Yes - a week's time is to fast for a hepatus tang to go from symptom free to that degree of erosion due to any HLLE I've ever seen before. The only similar case was a public aquarium that had put their carbon inside a sand filter. This caused a lot of dust to be produced and the fish developed acute symptoms very quickly.
It is pretty common for HLLE to continue to worsen for a bit after fish have been removed from the exposed water. Removing carbon doesn't seem to work in many cases I dealt with, where a complete tear down, wash out and reset did.

This could be some odd infection, but it isn't one I've ever see before...I looked at the pictures again, I was looking at the damsel's head before, and didn't look at its caudal fin - it is all torn up. Has it been fighting? If not, there could be a primary bacterial infection going on, but again, I've never seen that cause HLLE before.

Jay
Dear Jay,

Of course I can’t be certain, but I’ve been operating under the assumption that the damselfish’s fin damage was not inflicted by a tank mate. Until just a couple of months ago, there weren’t even any other fish (or crabs) in the aquarium except two large clownfish. The clownfish bully one another now and then and each have a nip out of one pelvic fin, but I’ve never seen them tangle with the damsel and >99.9% of the time they are peaceful. The first two photos of the damsel that show the tattered caudal fin was taken on January 14, 2021. The caudal fin may have regenerated a bit since then, but all fins exhibit deterioration - dorsal, pectoral, pelvic, anal, and caudal. I can say with certainty that the tang’s caudal, dorsal, and anal fin erosion is spontaneous and not injuries. In fact, the distalmost margin (~1mm) of the caudal fin appears to be colorless and in a process of continued decay.
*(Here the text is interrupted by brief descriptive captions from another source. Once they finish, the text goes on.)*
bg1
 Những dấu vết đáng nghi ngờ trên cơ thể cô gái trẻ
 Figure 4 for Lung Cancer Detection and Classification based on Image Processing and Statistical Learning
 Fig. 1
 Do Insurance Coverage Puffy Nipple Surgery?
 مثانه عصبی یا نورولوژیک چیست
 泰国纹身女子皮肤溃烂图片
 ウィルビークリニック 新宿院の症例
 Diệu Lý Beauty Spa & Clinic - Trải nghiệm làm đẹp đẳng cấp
I don’t doubt your diagnosis of HLLE, but it’s a symptom that might have twice as many etiologies as there are opinions about it. I suspect something organismal because it appeared coincidentally with a new fish years ago and seemed to be highly contagious. I’ve been shooting in the dark with treatments for the past couple of months not knowing what to treat. I’d like to get the fish out of the stressful quarantine tank, especially if I’m destined to be ultimately unsuccessful anyway. But I’m willing to keep shooting in the dark if there is a chance that I can eradicate the problem so that new fish won’t be infected. There is a powder brown tang and Siganus coming eventually.

I have completed a five day treatment of nitrofurazone (~2.25 mg/l daily). I think it was stressful on the tang because it tended to rest in the corner of the quarantine tank sometimes, which it had not done before. It was also during this treatment that tiny white spots appeared along its lateral line. Those seem to have since disappeared. Do you think it might be worthwhile or too risky to repeat the treatment? Alternatively or subsequently, I have Ruby Reef’s Hydroplex on hand. I was originally optimistic about using it, but I’ve since read, whether true or not, that it contains no active ingredients. Do you have any experience treating viruses or fungi? Would you recommend a “stress coat”? Would that be contraindicated with other ongoing treatments? I’m resigned to accept that these fish may be permanently disfigured, but I am anxious to rid them and the aquarium of whatever is causing this. I'll be grateful for your advice.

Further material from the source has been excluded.